▶ PROBLEM DESCRIPTION:
Leave the pictures out and write out exactly the lines from the top of the entries through the line containing "Hvitserkur, rock formation".

· · · ·

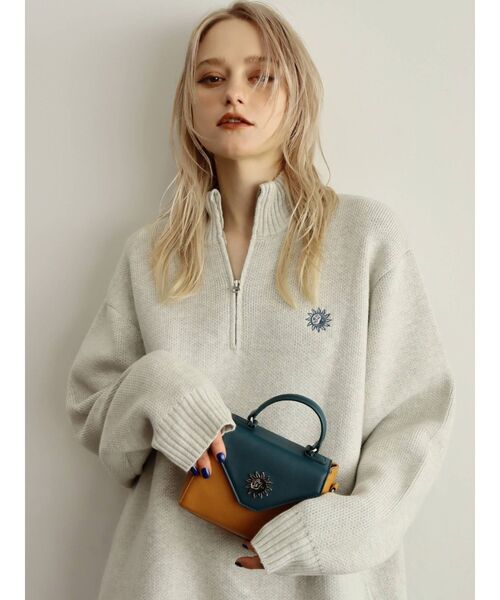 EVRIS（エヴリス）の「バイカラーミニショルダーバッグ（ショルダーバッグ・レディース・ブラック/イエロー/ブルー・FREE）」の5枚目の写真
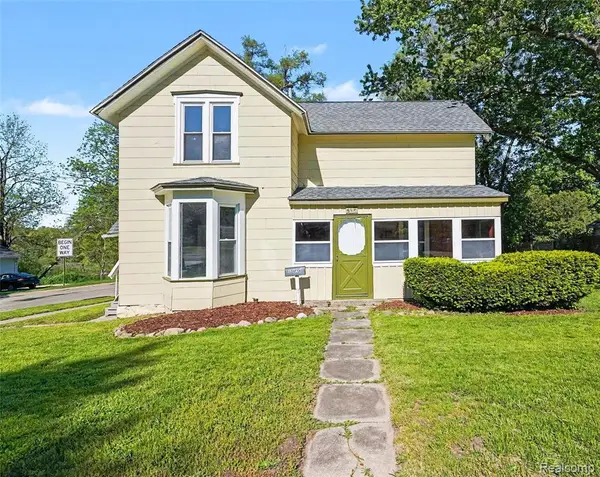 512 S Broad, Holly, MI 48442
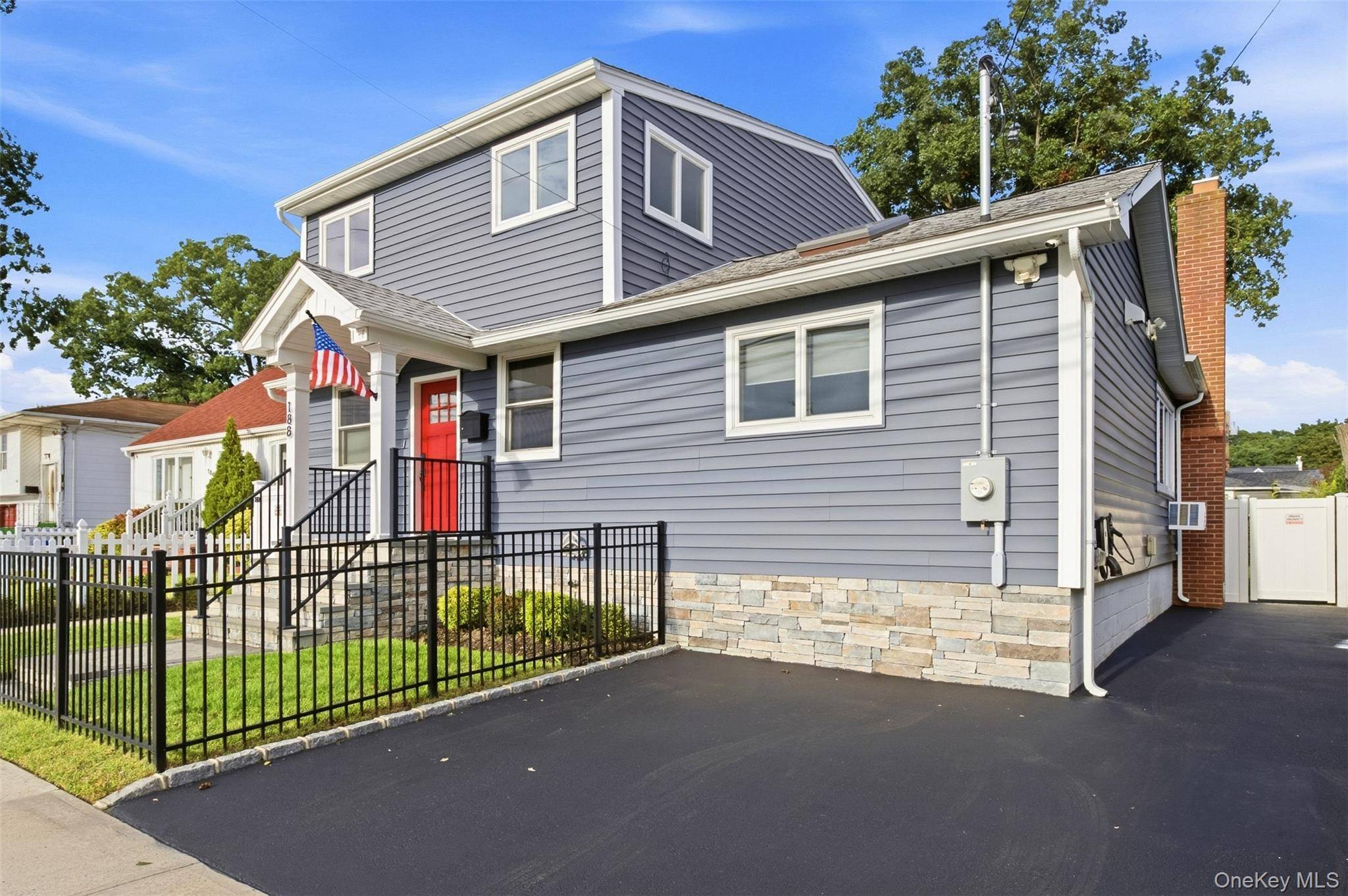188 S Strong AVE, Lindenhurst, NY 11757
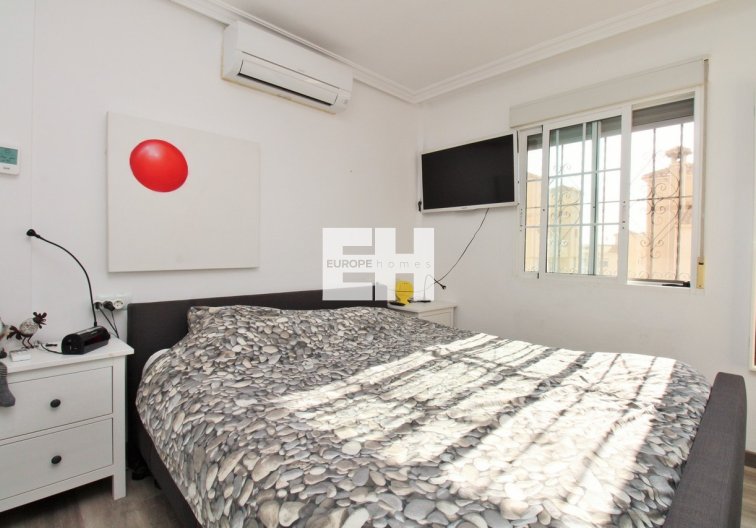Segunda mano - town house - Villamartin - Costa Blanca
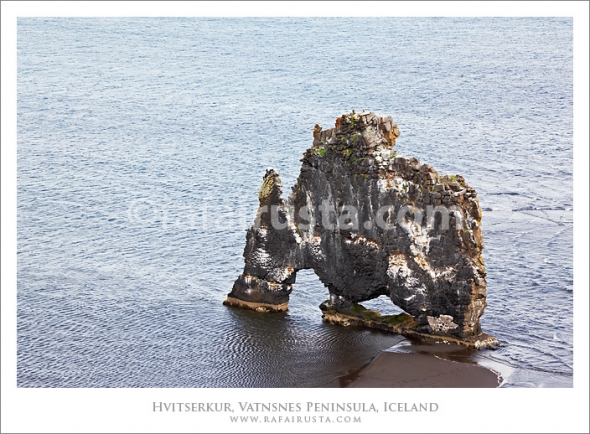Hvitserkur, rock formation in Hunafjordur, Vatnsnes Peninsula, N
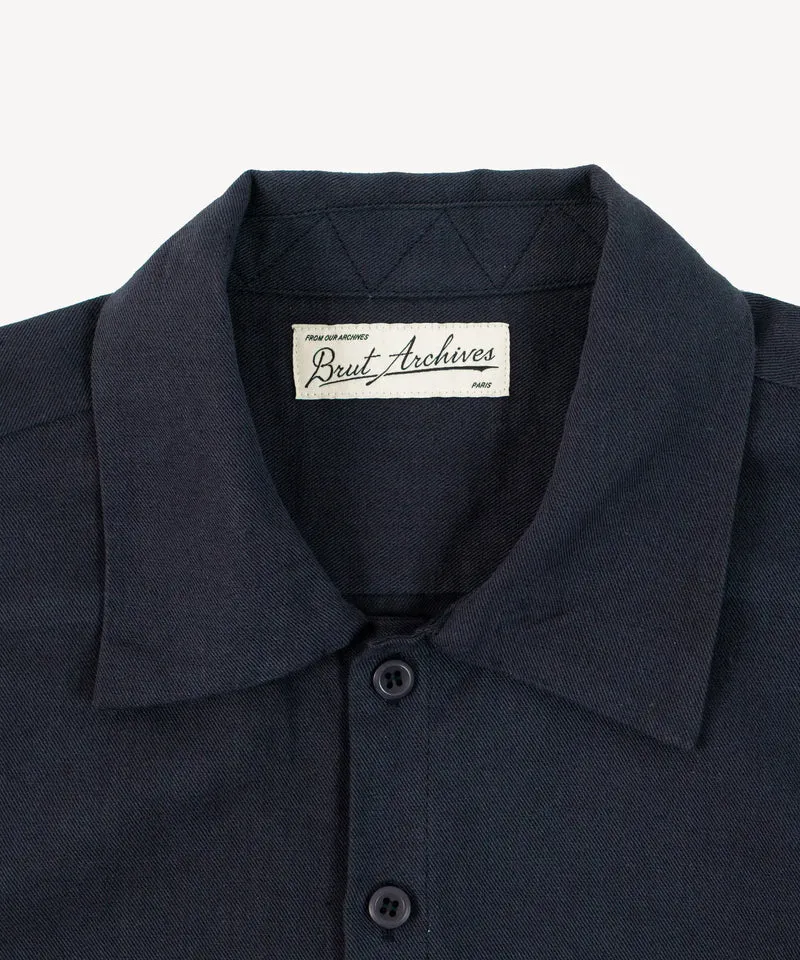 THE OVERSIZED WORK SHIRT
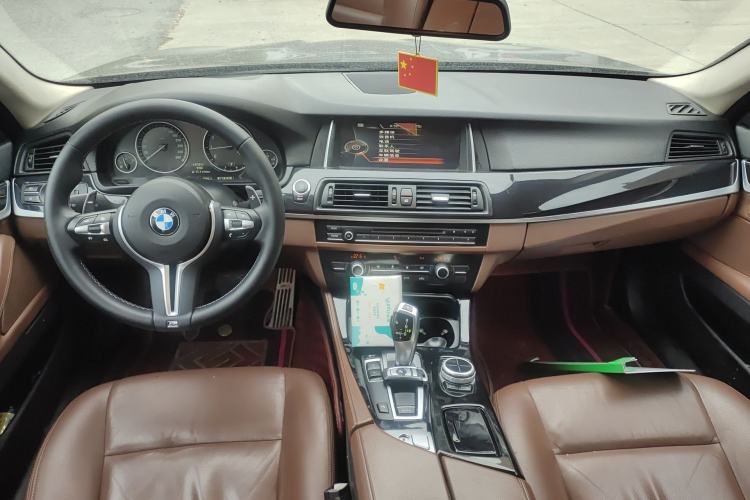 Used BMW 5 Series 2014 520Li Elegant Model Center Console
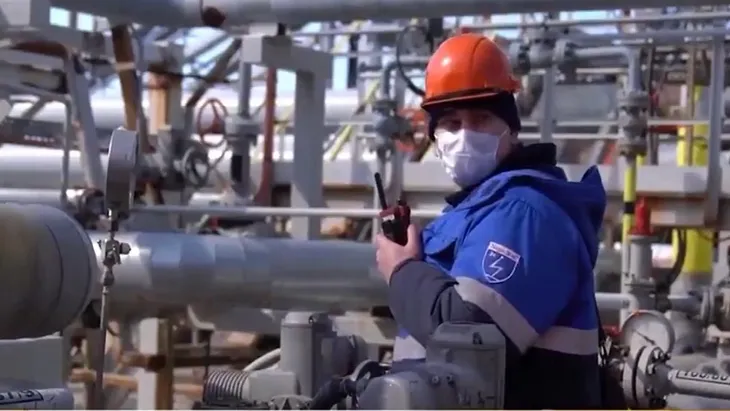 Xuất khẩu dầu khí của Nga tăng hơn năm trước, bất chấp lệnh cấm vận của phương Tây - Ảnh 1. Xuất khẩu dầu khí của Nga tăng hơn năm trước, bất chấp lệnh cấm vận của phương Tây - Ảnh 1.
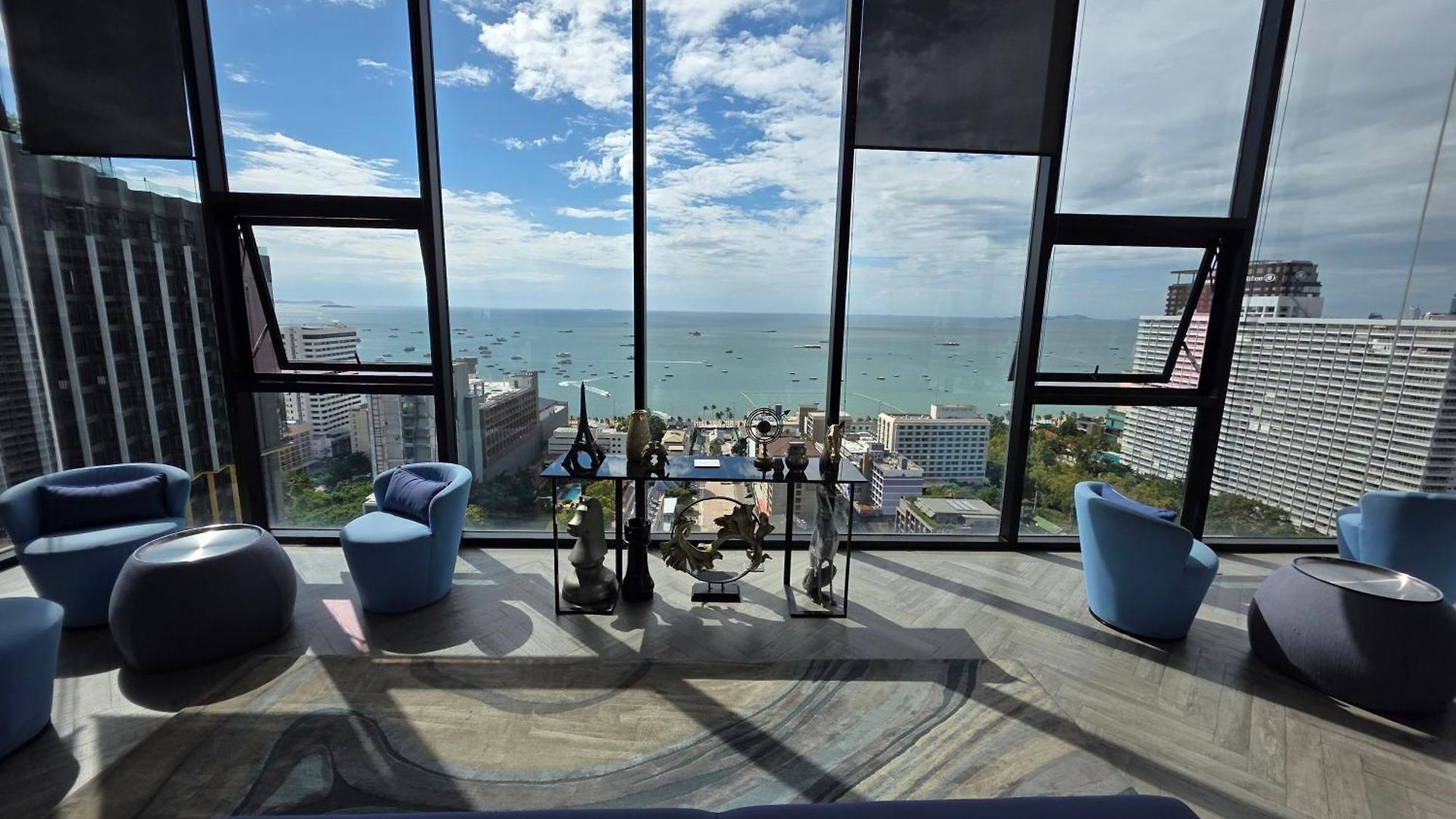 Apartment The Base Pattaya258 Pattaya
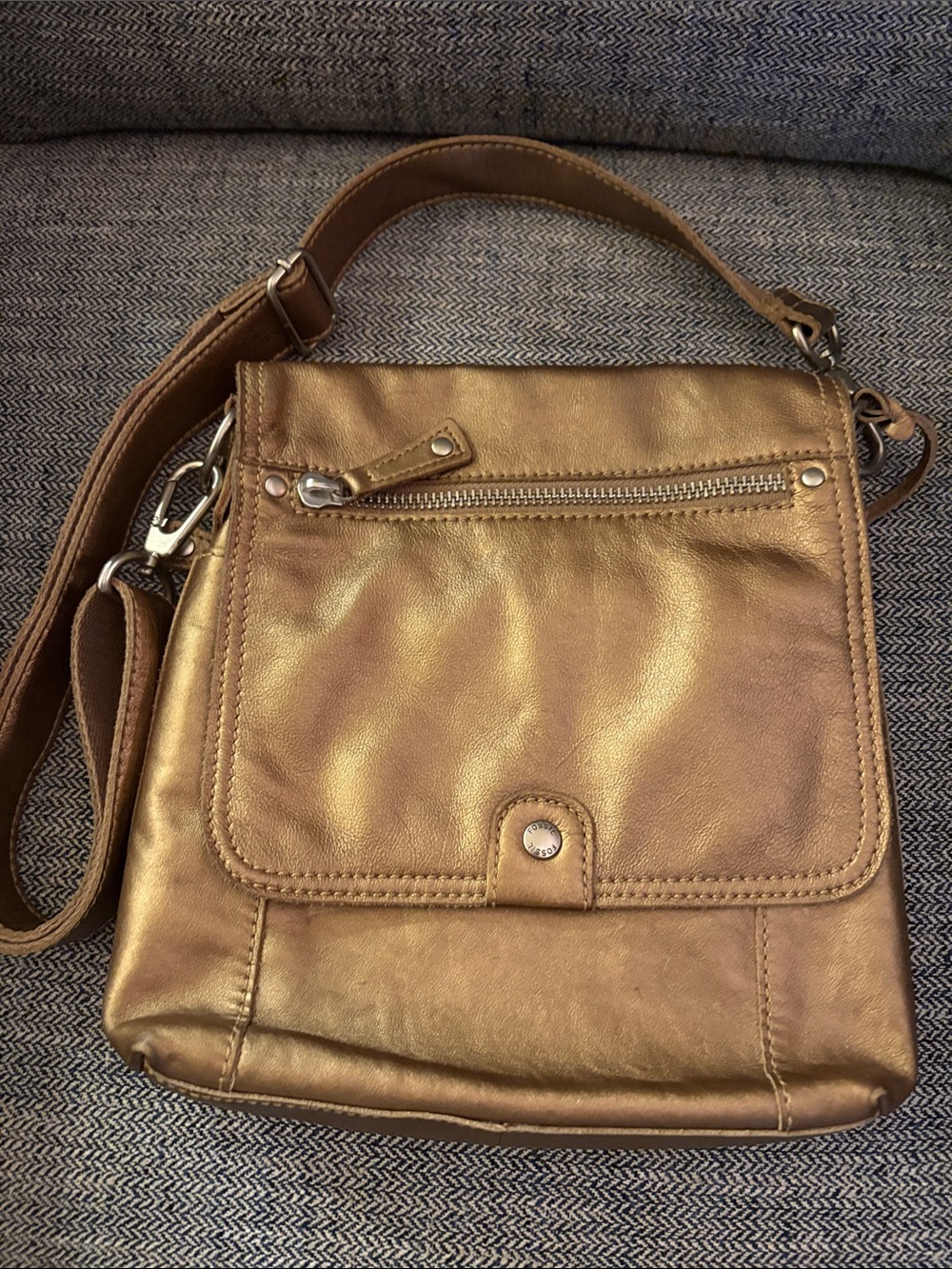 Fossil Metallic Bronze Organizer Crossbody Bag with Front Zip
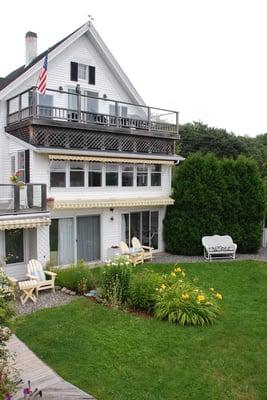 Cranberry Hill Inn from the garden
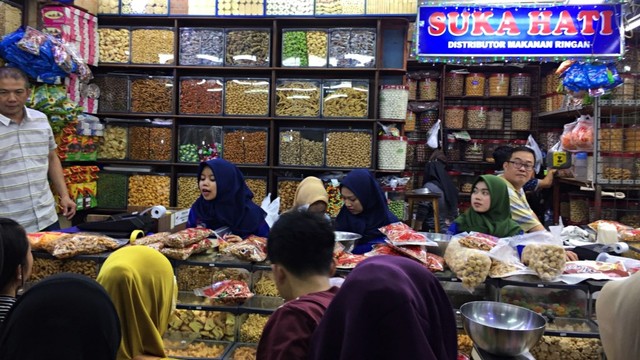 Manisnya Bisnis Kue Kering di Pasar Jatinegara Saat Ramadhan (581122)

· · · ·

▶ ANSWER AREA:
 EVRIS（エヴリス）の「バイカラーミニショルダーバッグ（ショルダーバッグ・レディース・ブラック/イエロー/ブルー・FREE）」の5枚目の写真
 512 S Broad, Holly, MI 48442
188 S Strong AVE, Lindenhurst, NY 11757
Segunda mano - town house - Villamartin - Costa Blanca
Hvitserkur, rock formation in Hunafjordur, Vatnsnes Peninsula, N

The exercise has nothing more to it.